▶ _What is required_: Reproduce from the records below, with no pictures, exactly the lines between the one containing "Lovely playful otters 17819950" and the one containing "Flock of sheep grazing beneath solar array", inclusive.

[[ Data for review open ]]

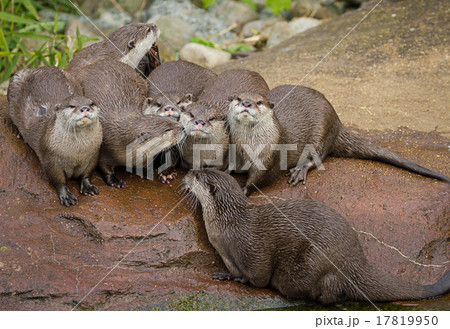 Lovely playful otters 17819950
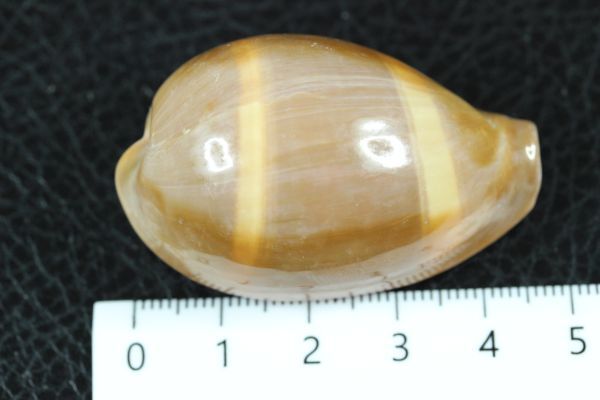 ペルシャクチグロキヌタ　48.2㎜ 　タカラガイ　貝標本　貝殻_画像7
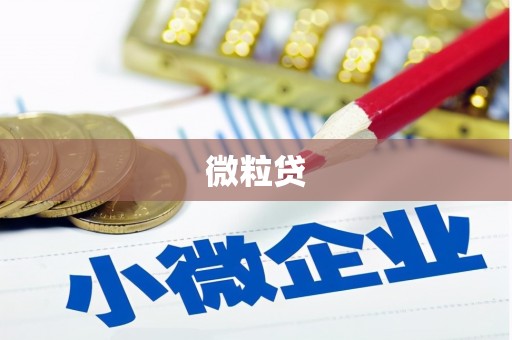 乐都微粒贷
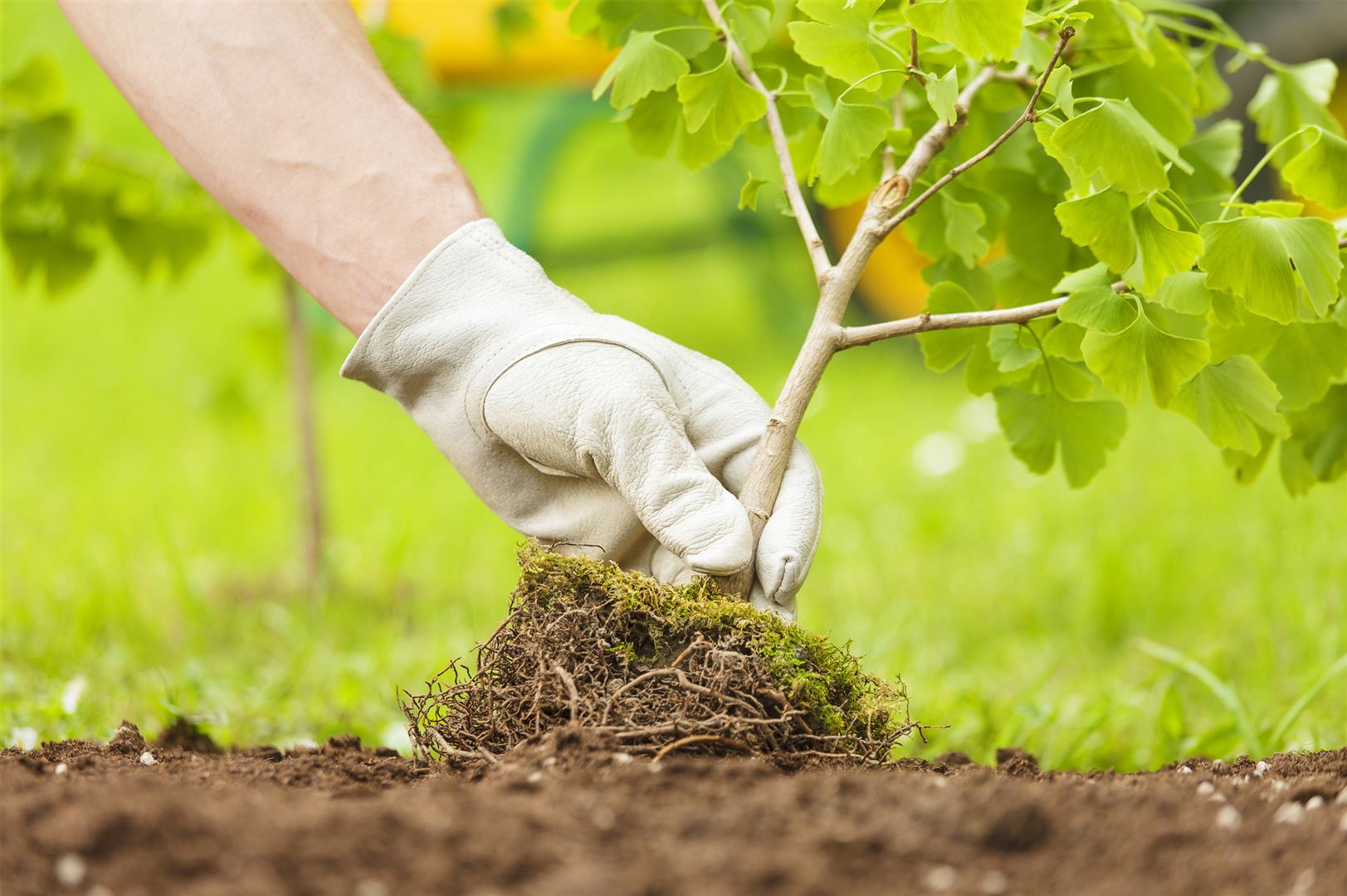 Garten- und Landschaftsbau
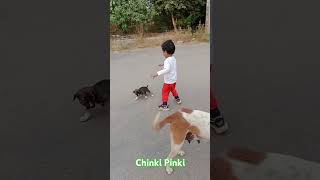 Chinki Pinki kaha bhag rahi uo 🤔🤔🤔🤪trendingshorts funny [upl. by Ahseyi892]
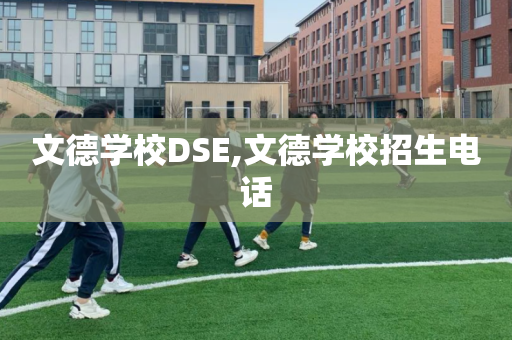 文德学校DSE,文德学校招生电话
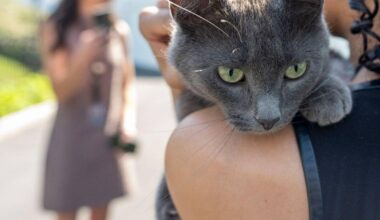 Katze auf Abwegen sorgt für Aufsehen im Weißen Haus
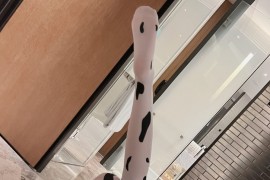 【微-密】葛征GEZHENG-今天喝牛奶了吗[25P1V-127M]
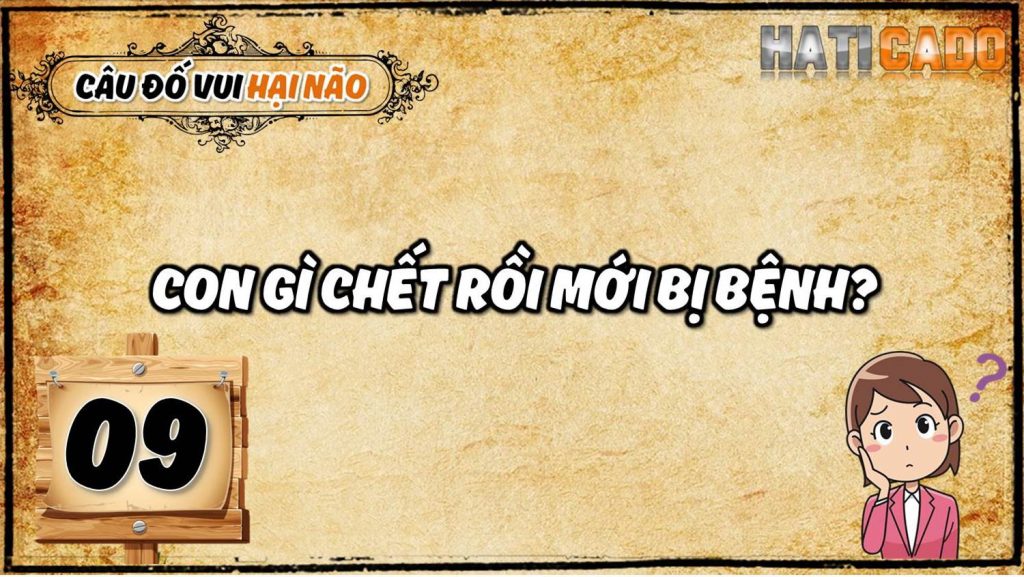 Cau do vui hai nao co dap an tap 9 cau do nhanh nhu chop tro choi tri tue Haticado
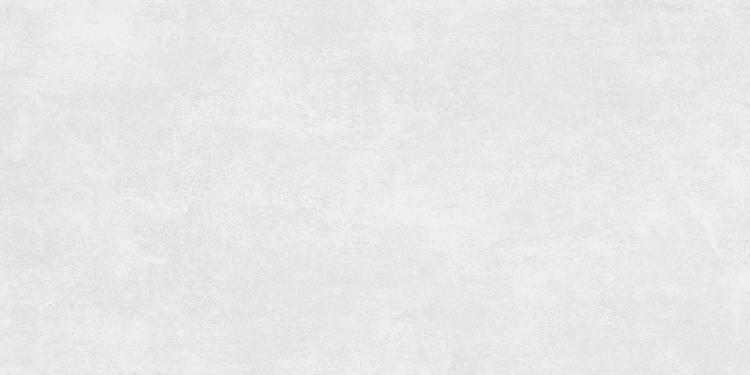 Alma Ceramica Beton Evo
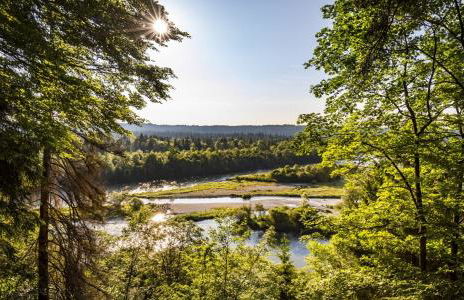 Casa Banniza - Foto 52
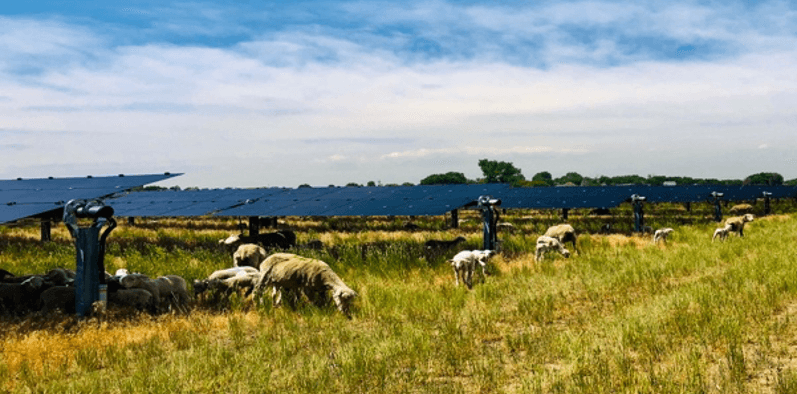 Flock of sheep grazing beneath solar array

[[ Data for review closed ]]
[[ Data for review open ]]

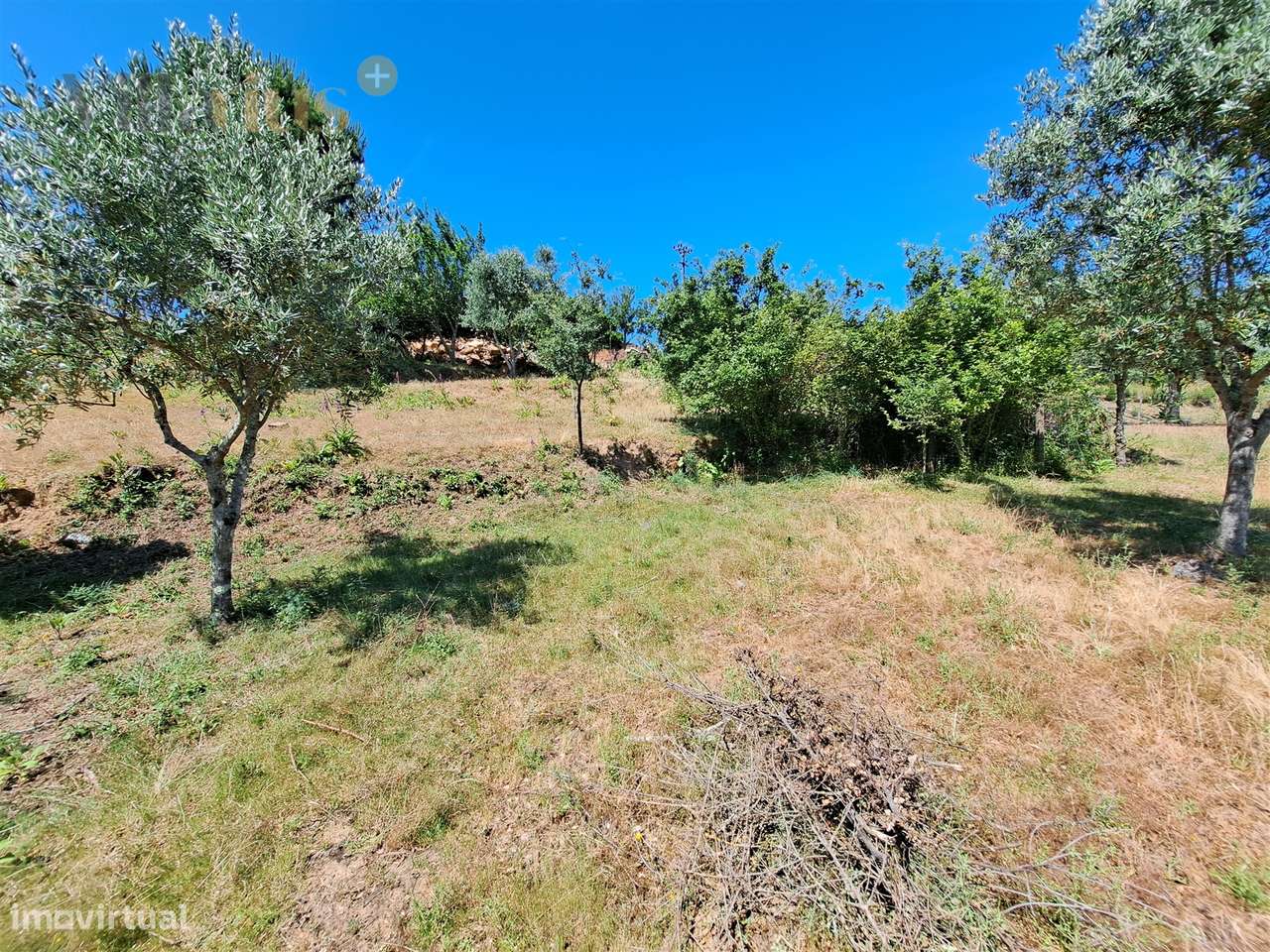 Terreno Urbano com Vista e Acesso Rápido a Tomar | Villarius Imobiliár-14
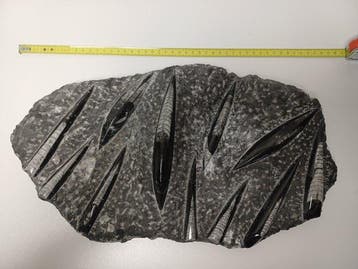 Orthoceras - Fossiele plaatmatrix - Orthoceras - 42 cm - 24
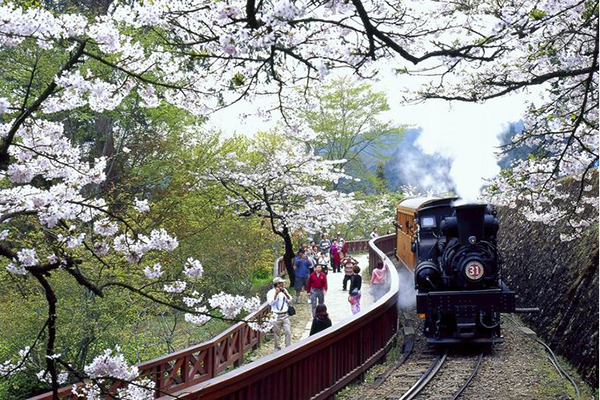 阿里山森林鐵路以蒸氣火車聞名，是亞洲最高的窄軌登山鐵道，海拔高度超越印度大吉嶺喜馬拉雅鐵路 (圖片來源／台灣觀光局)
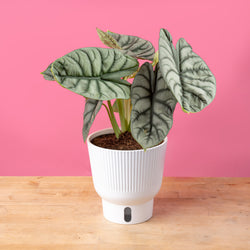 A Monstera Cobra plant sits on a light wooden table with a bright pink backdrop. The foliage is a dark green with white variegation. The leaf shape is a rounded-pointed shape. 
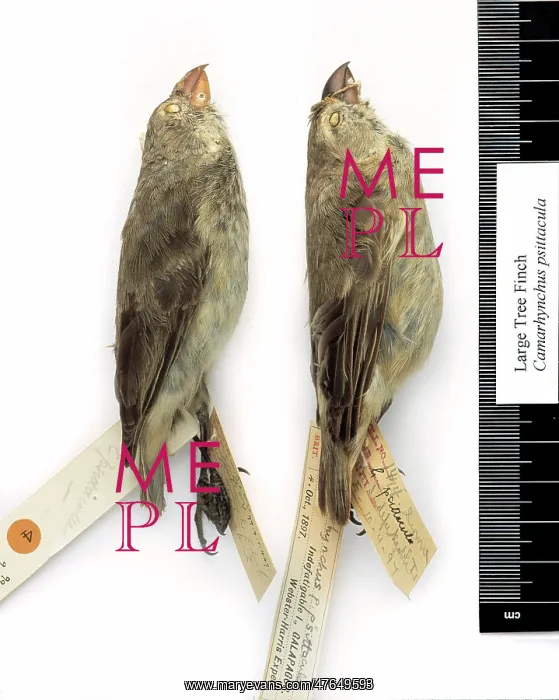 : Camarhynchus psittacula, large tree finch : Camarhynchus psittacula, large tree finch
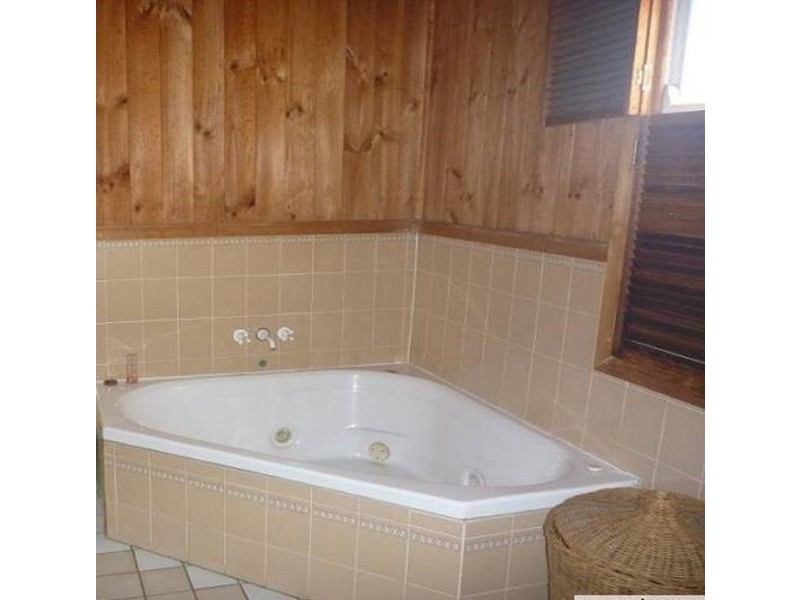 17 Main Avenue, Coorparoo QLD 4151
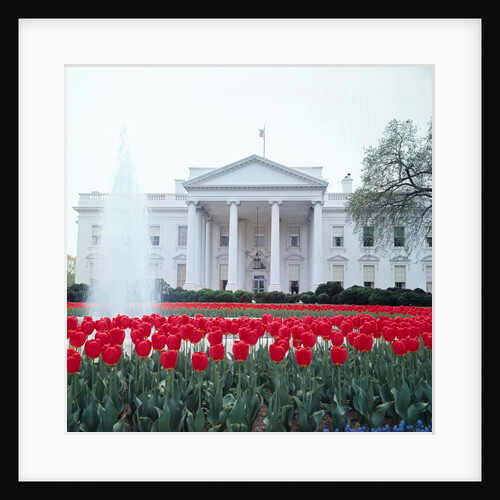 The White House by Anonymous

[[ Data for review closed ]]

▶ _Task output_:
 Lovely playful otters 17819950
 ペルシャクチグロキヌタ　48.2㎜ 　タカラガイ　貝標本　貝殻_画像7
 乐都微粒贷
 Garten- und Landschaftsbau
 Chinki Pinki kaha bhag rahi uo 🤔🤔🤔🤪trendingshorts funny [upl. by Ahseyi892]
 文德学校DSE,文德学校招生电话
 Katze auf Abwegen sorgt für Aufsehen im Weißen Haus
 【微-密】葛征GEZHENG-今天喝牛奶了吗[25P1V-127M]
 Cau do vui hai nao co dap an tap 9 cau do nhanh nhu chop tro choi tri tue Haticado
 Alma Ceramica Beton Evo
 Casa Banniza - Foto 52
 Flock of sheep grazing beneath solar array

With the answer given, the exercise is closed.